I won’t tell you now how it goes, but you can guess. This IS a Hollywood movie.

OH yeah, but I will give away everything else about the movie. From here on, assume you are reading spoilers:


Oh, so then we finally do get introduced to the characters, David Gale is the picture of calmness and the reporter believes he is totally guilty. I mean, come on! She was murdered in an unusual way that he described in an essay he published once (he used to be a professor of philosophy) with his sperm found inside her and a partial thumbprint on the garbage bag that suffocated her! How could he NOT have killed her? Anyway, so he’s totally calm, knowing he’s going to be executed in three days and that his execution will be what his cause has been looking for for years and years but powerless to create.

Through David Gale’s retelling of the story to the reporter (presumably so she will report it all correctly, or at least put the pieces together the way he wants her to) we learn that before any of this happened, back when he was a professor of philosophy, David Gale and the woman he apparently later murders were buddies. They both worked vehemently against the death penalty.
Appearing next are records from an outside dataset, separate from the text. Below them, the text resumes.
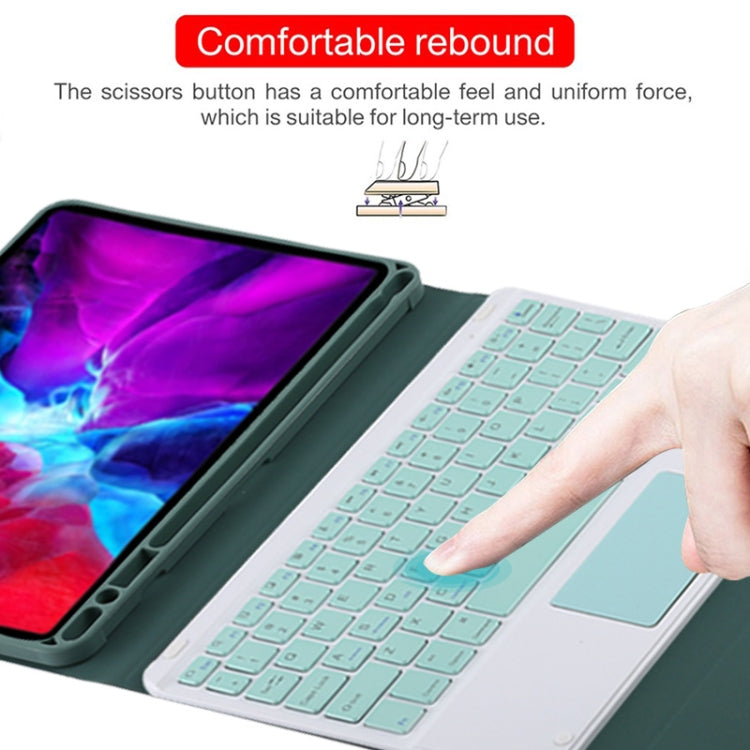TG11BC Detachable Bluetooth Green Keyboard Microfiber Leather Tablet Case for iPad Pro 11 inch (2020), with Touchpad & Pen Slot & Holder (Dark Green) - For iPad Pro by PMC TechLife | Online Shopping South Africa | PMC TechLife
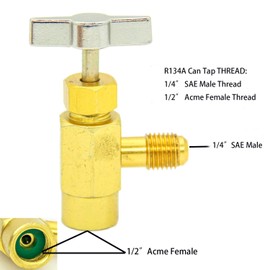 QDJUNE R134a Can Tap, Puncture Style Cans, with 1/4" SAE Male Thread to Connect R12 Manifold, R134A Valve Tool Bottle Opener 1/2In Female,1/4In SAE Male, for Automotive Air Conditioner Hose Fitting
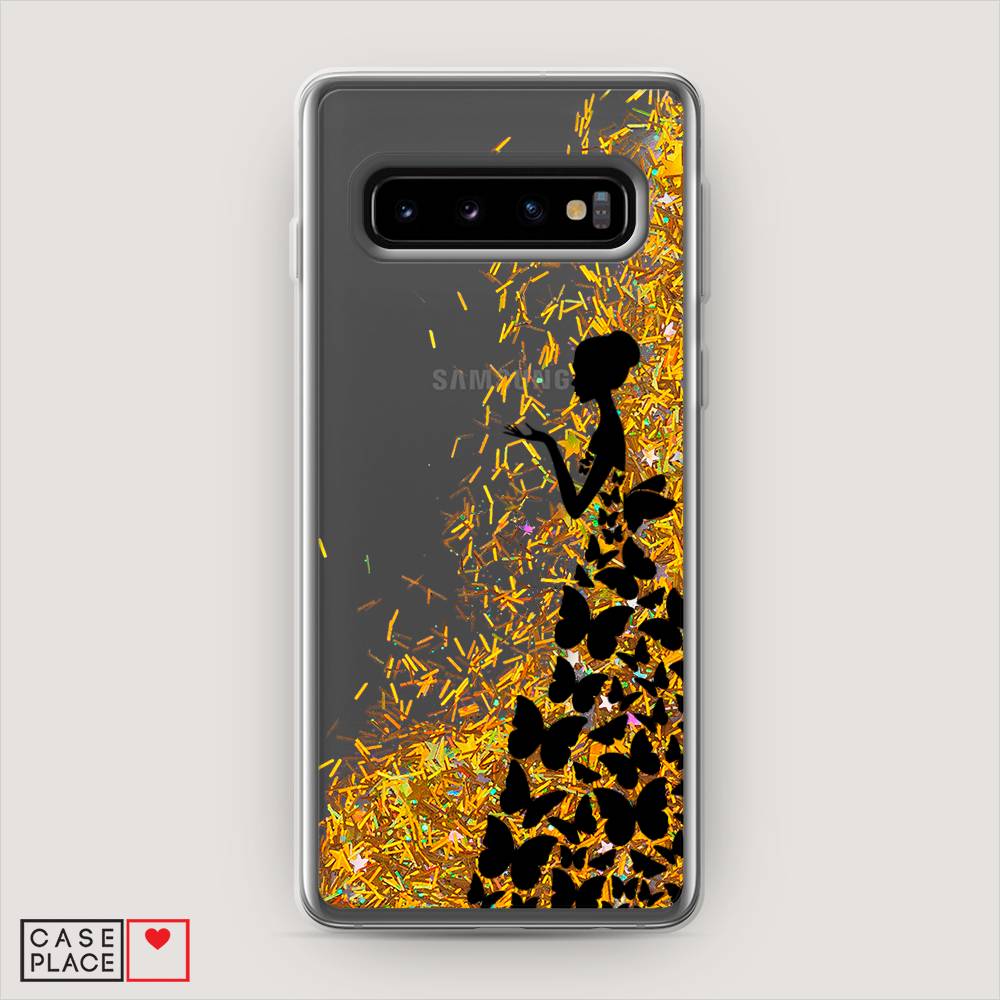

Жидкий чехол с блестками "Дама в бабочках" на Samsung Galaxy S10 +, 27190-1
In the first discussion between them in the first flashback, for anyone who hasn’t figured out the clever twist at the end of the movie before watching it at all, they discuss that the only thing they could use to prove that the death row process was flawed would be if they could prove beyond the shadow of a doubt that an innocent person had been executed. The problem with that would be that if they discovered evidence of someone’s innocence it would simply get them off death row and prove that the system works, while holding back the information would be murder and just an unethical as they view the death penalty itself.

Have you worked it out yet? I’ll spell it out so I don’t have to describe the rest of the movie in detail, and you don’t have to watch it unless you want to see excellent performances by Kevin Spacey and Laura Linney (the woman he is being killed for killing): David Gale was involved with her, and did have sex with her the night before she died, but she killed herself and had a third party video tape it and hold onto the tape until after his conviction and execution, as proof that innocents are executed, even when they try their hardest within the system to prove their innocence.

So yadda yadda yadda, the reporter and David Gale keep talking and the whole story is revealed in flashbacks while the reporter is digging up clues about his possible innocence. There’s some heavy-handed writing, but also some very excellent writing and some amazing performances. There is even a scene right before his execution, before her car breaks down and before the intensity of her trying to get there in time, that will make people cry. Well, the people who cry during movies, anyway. All very nice and well, but since I knew what the twist ending was going to be, every scene where they were setting it up seemed almost painful. Not a funny movie, not an uplifting movie. A drama. If that’s what you’re looking for, you may enjoy The Life of David Gale.